(This exercise is based on Hanifin, C. T., E. D. Brodie Jr.,and E. D. Brodie III. 2008. Phenotypic mismatches reveal escape from arms-race coevolution. PLOS Biology 6: 471–482.)
(Note: The reference above links directly to the article on the journal’s website. In order to access the full text of the article, you may need to be on your institution’s network [or logged in remotely], so that you can use your institution’s access privileges.)
In Chapter 13 you read about many examples of coevolved species complexes. One of the examples was the predator-prey interaction between garter snakes in the genus Thamnophis and salamanders in the genus Taricha. In this paper by Hanifin et al., the authors describe a study of populations of these animals that live on the west coast of North America. The prey are newts (a kind of salamander) that have evolved a strong poison called tetrodotoxin (TTX) in their skin, presumably as a defense against predators. These newts are preyed upon by garter snakes that have evolved a physiological resistance to the newts’ skin toxin. The authors measured both the newts’ toxicity and the snakes’ resistance to this poison across the range where both species co-occur.
What they found is that while there is strong evidence of coevolution between these species in some areas of their range, the degree to which this is happening is not consistent across the range, and in some areas it doesn’t seem to be happening at all. Furthermore, they found that when one species outpaced the other in this evolutionary arms race, it was invariably the predator and never the prey.
The authors suggest that the pattern of phenotypic variation related to tetrodotoxin in this assemblage of predators and prey can be explained by three factors. Mismatched populations (populations where elevated values of a trait in one species are not matched by a corresponding elevation in the other species) are attributed to a lack of reciprocal selection resulting in a corresponding lack of coevolution. In areas with low values of snake TTX resistance, non-toxic newts tended to be present. In areas with intermediate values of snake TTX resistance, strong reciprocal selection leads to a coevolutionary arms race and thus elevated phenotypic expression of TTX-related traits in newts (matched populations). Finally they found that in some areas the newts were toxic, but the snakes were almost completely resistant to this defense, which the authors attributed to fixation of the genes for TTX resistance.
Question 1. Explain what the authors mean when they talk about “reciprocal selection.”
Question 2. Why do the authors refer to a breakdown of reciprocal selection in some areas of the geographic range that they studied?
Question 3. Considering your answers to Questions 1 and 2, what can you infer about the pattern apparent in Figure 1? In your answer, discuss how you might arbitrarily divide the populations into three categories and talk about what those categories represent.

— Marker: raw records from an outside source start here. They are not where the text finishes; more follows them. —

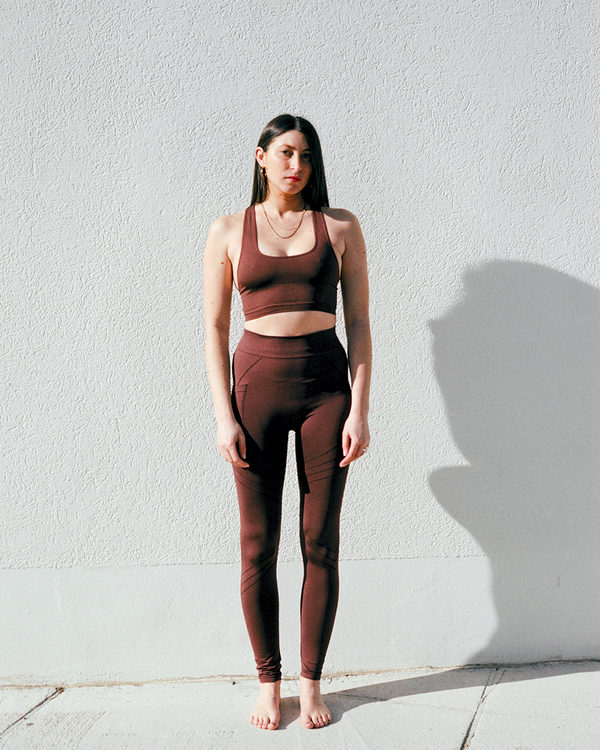 model wears vibrant leggings in maroon - leggings with a pocket - sculpting compression leggings - activewear leggings - supportive leggings - PRISM² - women curvy leggings - plus size leggings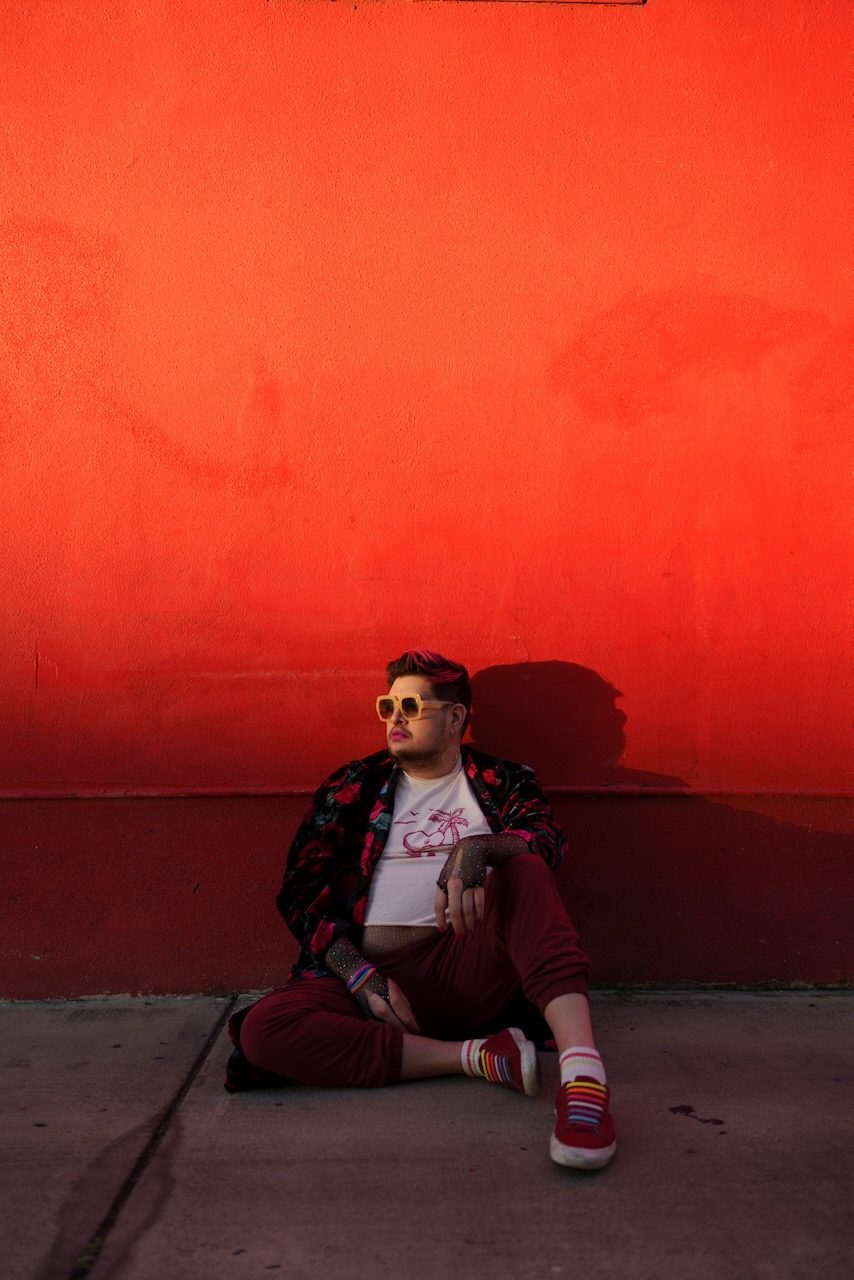Violet Paniko seated on the ground against a saturated orange-red wall, in sunglasses and a floral jacket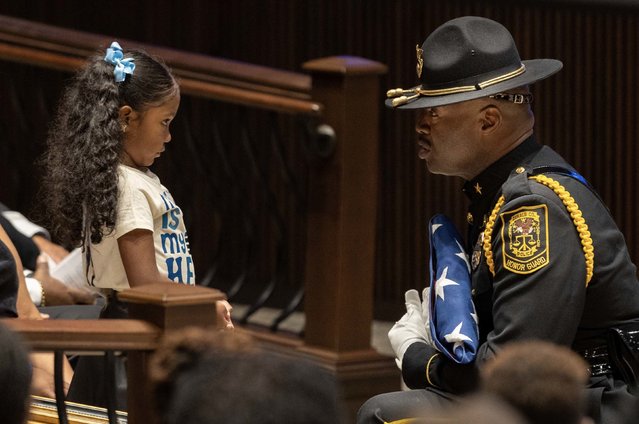 A member of the DeKalb County Police honor guard hands a flag to the daughter of police officer David Rose during Rose's funeral in Atlanta on Friday, August 22, 2025. Rose was killed while responding to a shooting earlier this month on the campus of the Centers for Disease Control and Prevention. He was 33. (Photo by Arvin Temkar/Atlanta Journal-Constitution/AP Photo)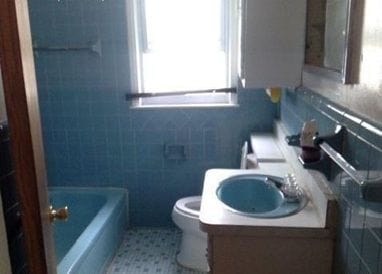 full bath featuring a washtub, tile walls, toilet, a sink, and walk in shower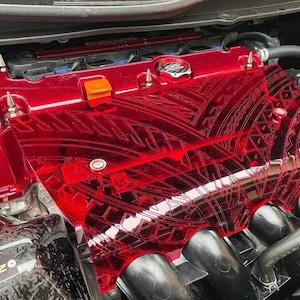 Puede incluir: Tapa de motor roja con un diseño estampado. La tapa está hecha de plástico transparente con un tinte rojo. La tapa está asegurada con tornillos plateados.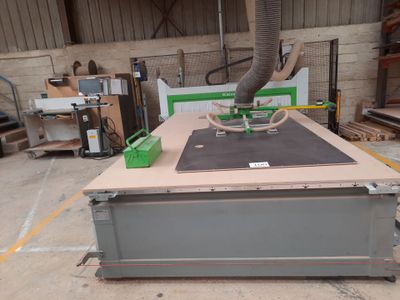 a machine that is cutting a piece of wood on a table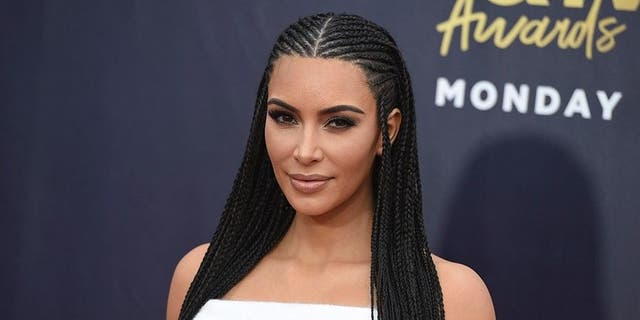 Kardashian explained she wears the braids to match hairstyles when her daughter North asks.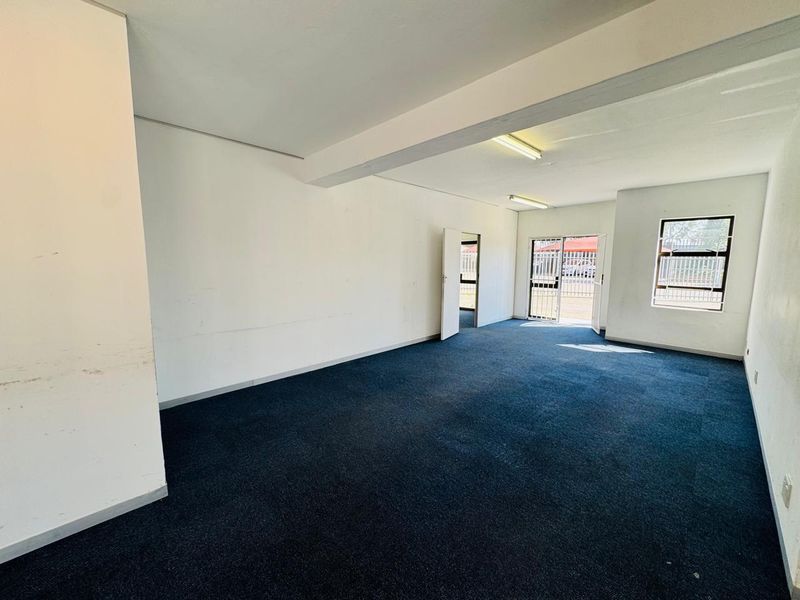 An empty, open-plan office space featuring blue carpeting, fluorescent lighting, and secure access with burglar bars on the windows.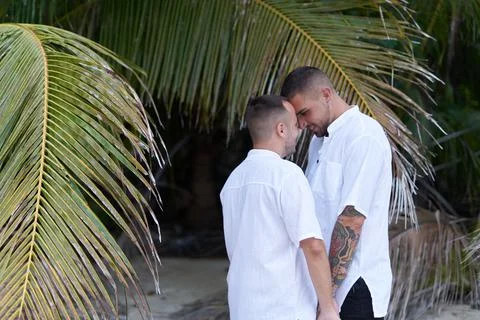 Gay couple standing while looking at each other tenderly and closely outdoors Stock Photos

Question 4. Do you agree with the authors’ proposed explanation of why prey never escapes the arms race? Justify your answer.

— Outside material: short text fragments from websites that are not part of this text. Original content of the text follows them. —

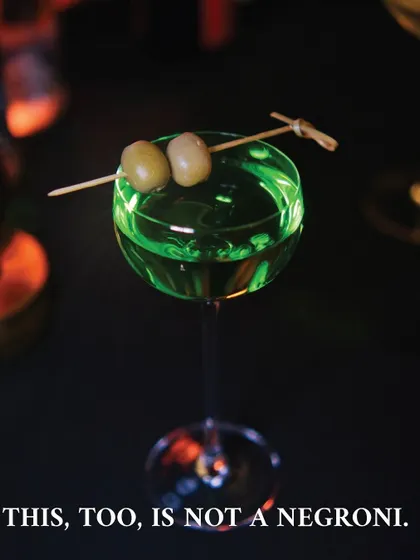 A striking, bright green cocktail with the text "This, too, is not a negroni." This visual was part of our campaign to introduce our colorful and innovative Negroni Week offerings.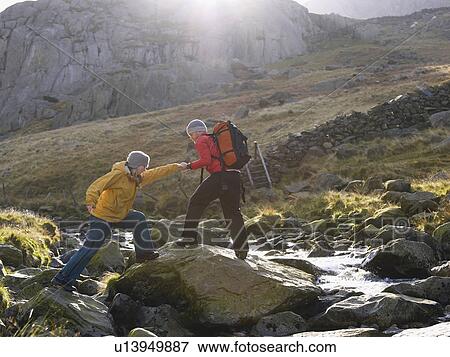 Stock Photo - Couple helping one another.. Fotosearch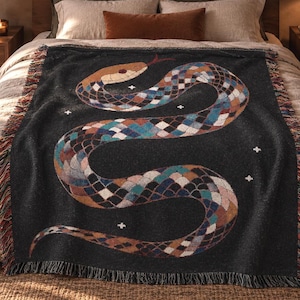 May include: A black woven throw blanket featuring a large, multi-colored snake graphic with a diamond-patterned scale design. The snake is depicted in shades of blue, orange, and white, accented by small white cross symbols. The blanket has fringed edges.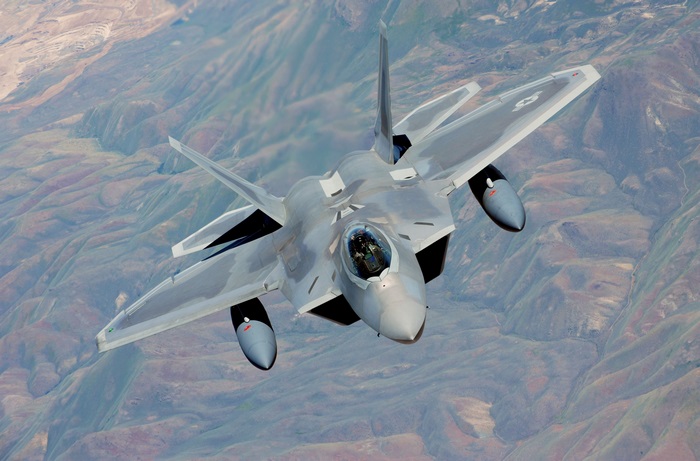 F-22 Raptor fighter jet flying over mountains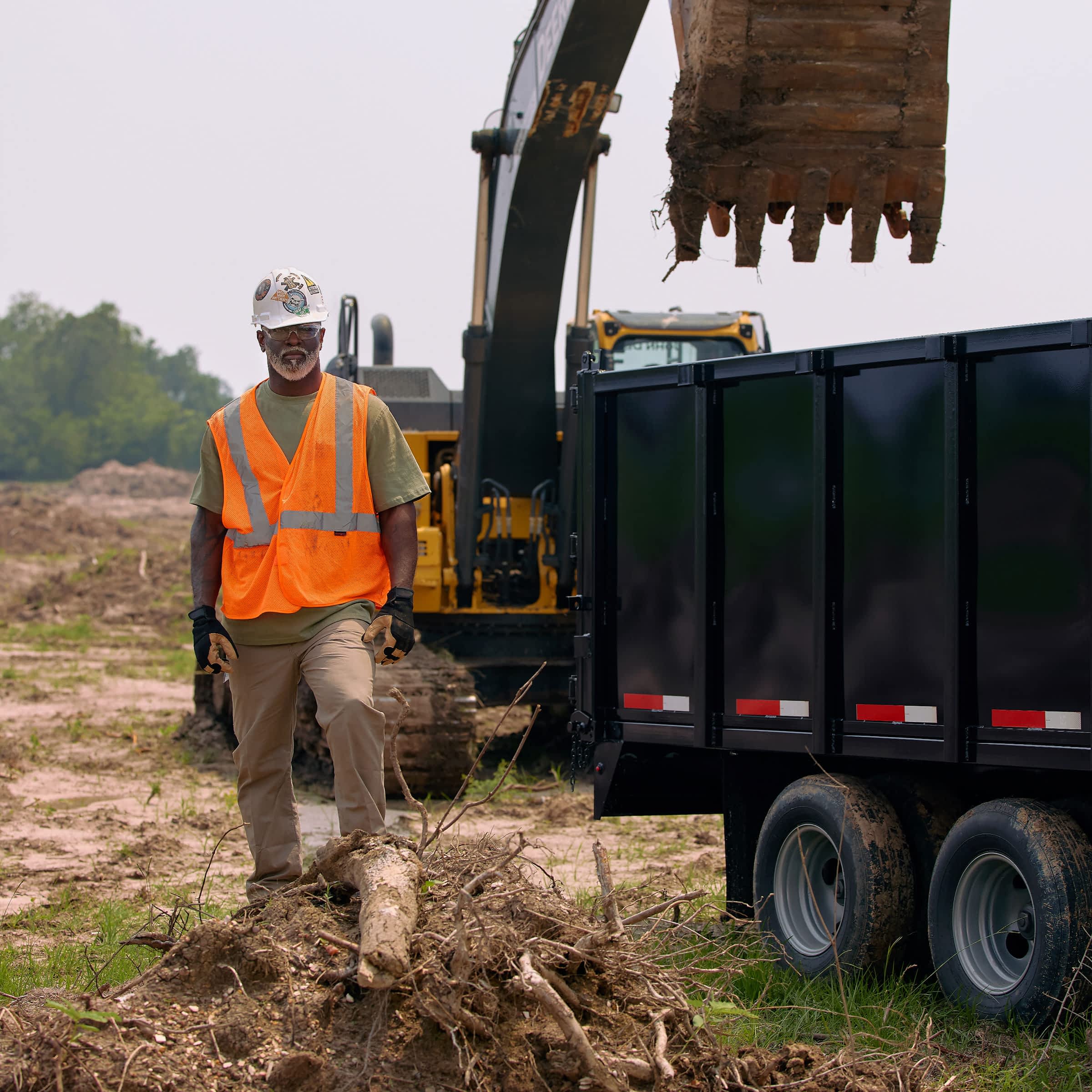 A man in an orange safety vest and white hard hat at a work site next to an excavator and dump trailer.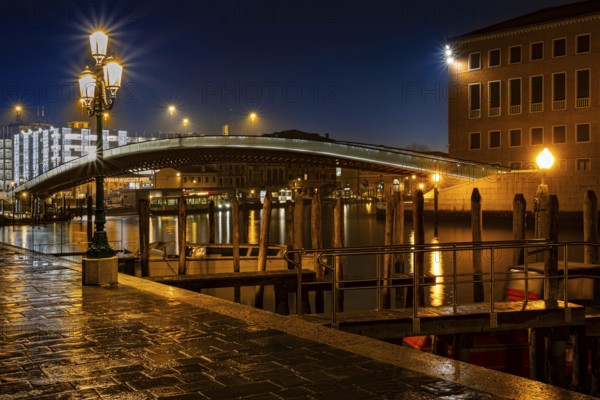 Illuminated bridge over the Grand Canal with lanterns and jetties at night, Fondamenta S. Simeon Piccolo, Venice, Veneto region, Italy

Question 5. When reading scientific papers, and more importantly when writing them, one always needs to be cautious about avoiding the tunnel vision inherent in concentrating on smaller parts of a greater whole. It never hurts to step back and think about the bigger picture. With this in mind, can you come up with another feasible explanation of the pattern discussed above in Question 4?
Question 6. Refer to Figure 2 above. No populations were observed that would be plotted in the orange area of the central graph, but if there were a hypothetical population in that region, what would the interaction gradient graph (similar to the 4 smaller graphs in the figure) look like? Specifically, propose a reasonable guess as to the value of % performance (snake) and a value of the slope (β).